Militza echoed his laugh with as much enthusiasm as she could muster and, somehow, she managed to control her shaking hands enough to continue the massage. She worked hard and deep, moving up his strong ankles and down between his thick, splayed toes. Clearly this wasn’t the first time he’d run through the forest unshod. She poured on more oil; her hands were beginning to hurt, but she forced herself to continue, humming gently under her breath. Not long now, she thought. Not long. It would take an iron will not to succumb to slumber. And sure enough, Rasputin’s chest began slowly to rise and fall. After a while he started to snore.
At last! Militza sat back on her haunches for a second, allowing herself a moment’s rest. She could kill him now, as he lay there, snoring and slack-jawed, exhaling through the blackened gaps between his filthy teeth. She could slit his throat, plunge a dagger into his rotten, duplicitous heart: it would be quick and easy and no one need know, least of all the Tsarina. She could even feed him to the dogs outside. But he was her creation, her creature, her thick-shafted lover – and she had not finished with him yet.

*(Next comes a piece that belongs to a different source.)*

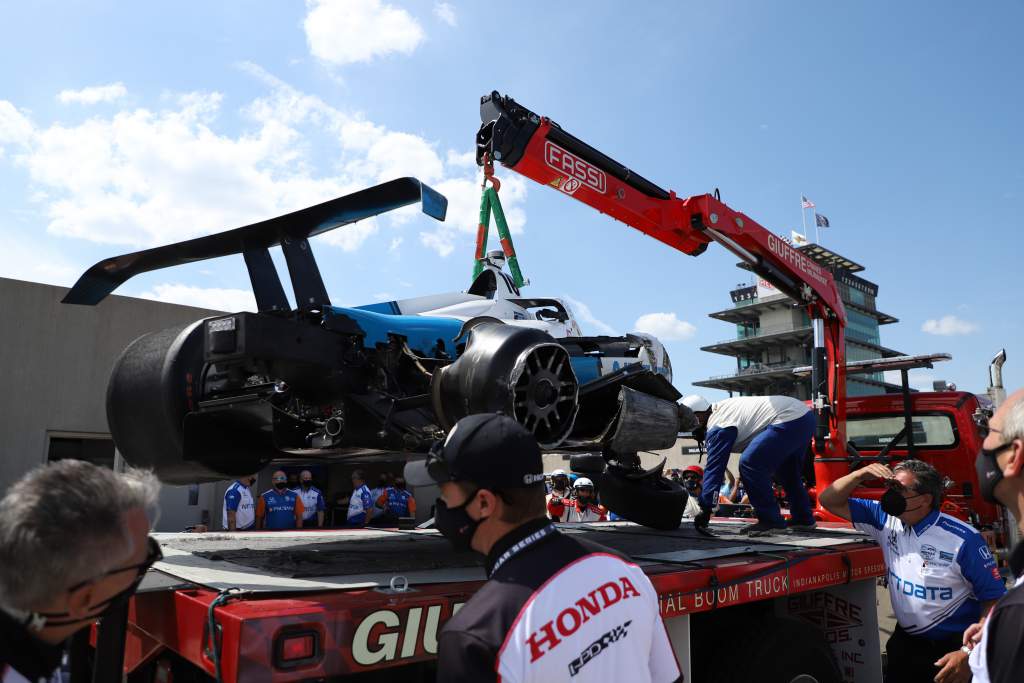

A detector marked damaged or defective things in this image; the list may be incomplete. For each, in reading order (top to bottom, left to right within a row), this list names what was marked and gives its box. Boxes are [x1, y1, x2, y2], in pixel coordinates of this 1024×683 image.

Quickly, silently, she crossed her boudoir to find the sewing sampler she’d left on the arm of the sofa earlier that afternoon. She lifted it up and, from underneath, she rescued a small pair of ornately carved golden scissors. Quickly, she knelt back down at Rasputin’s feet and slowly, surely, she got to work. The toenails were thick and difficult to cut, but, one by one, she very carefully snipped them off, keeping them as whole as possible, curved as new moons. Only when she had collected all ten, did she place them very carefully in a beautiful wooden box.
1
28 August 1889, Peterhof, St Petersburg
Right from the very beginning, Militza knew it was not going to work. She was like that. She knew things, saw things, sensed things… Second sight is what they called it. She saw the omens were bad… and the omens never lie.
She’d lit a candle the night before, something she and her mother had always done – a little bit of apotropaic magic to ward off evil. You place a lit candle in the window to dispel the dark, welcoming in the light and good fortune. But it kept on going out. There was a breeze, an ill wind, which meant that no matter how many times she lit the flame, it flickered, guttered and died.
Naturally, she didn’t tell her sister. Anastasia was two years younger and upset enough already, so much so she’d woken up in tears. What sort of bride wakes up in tears on her wedding day?
‘I can’t,’ she sobbed, propped up by a pile of soft, white pillows. ‘I just can’t.’
At the time, Militza didn’t know what to do. Anastasia was weeping copiously; her black hair, loose around her face, clung in damp curls to her wet cheeks. Her huge black eyes were mournful and completely piteous.
‘You’ve got to help me!’
‘He’s not so bad,’ Militza heard herself lying to her sister. ‘He’s a good match.’
‘How can you say that? He is sixteen years older than me, he has been married before and—’
‘And he’s been hand-picked by Papa.’
‘I’ve only known him for four weeks. Four weeks! His eyes are cold and his heart is even colder. Oh God! Why didn’t Papa choose someone else?’